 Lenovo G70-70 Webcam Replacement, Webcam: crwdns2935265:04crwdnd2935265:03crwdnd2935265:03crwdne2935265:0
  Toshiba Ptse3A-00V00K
==
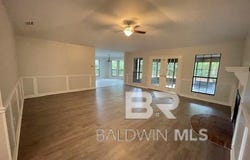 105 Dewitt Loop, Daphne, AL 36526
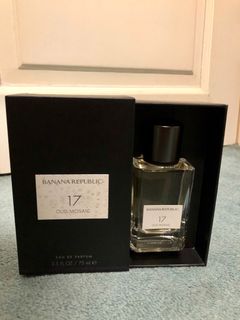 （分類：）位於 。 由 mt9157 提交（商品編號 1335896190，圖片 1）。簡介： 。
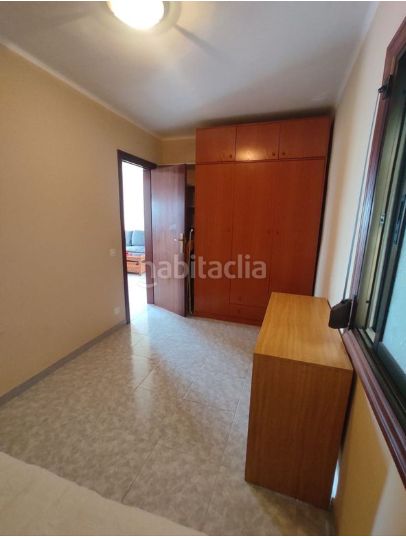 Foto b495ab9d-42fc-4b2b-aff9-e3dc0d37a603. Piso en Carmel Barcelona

• [AIM OF THE TASK]:
Would you please write out, exactly and with no other lines, the stretch of the listing above from the line containing "Lenovo G70-70 Webcam" through the line containing "Toshiba Ptse3A-00V00K"?

• [RESPONSE]:
 Lenovo G70-70 Webcam Replacement, Webcam: crwdns2935265:04crwdnd2935265:03crwdnd2935265:03crwdne2935265:0
  Toshiba Ptse3A-00V00K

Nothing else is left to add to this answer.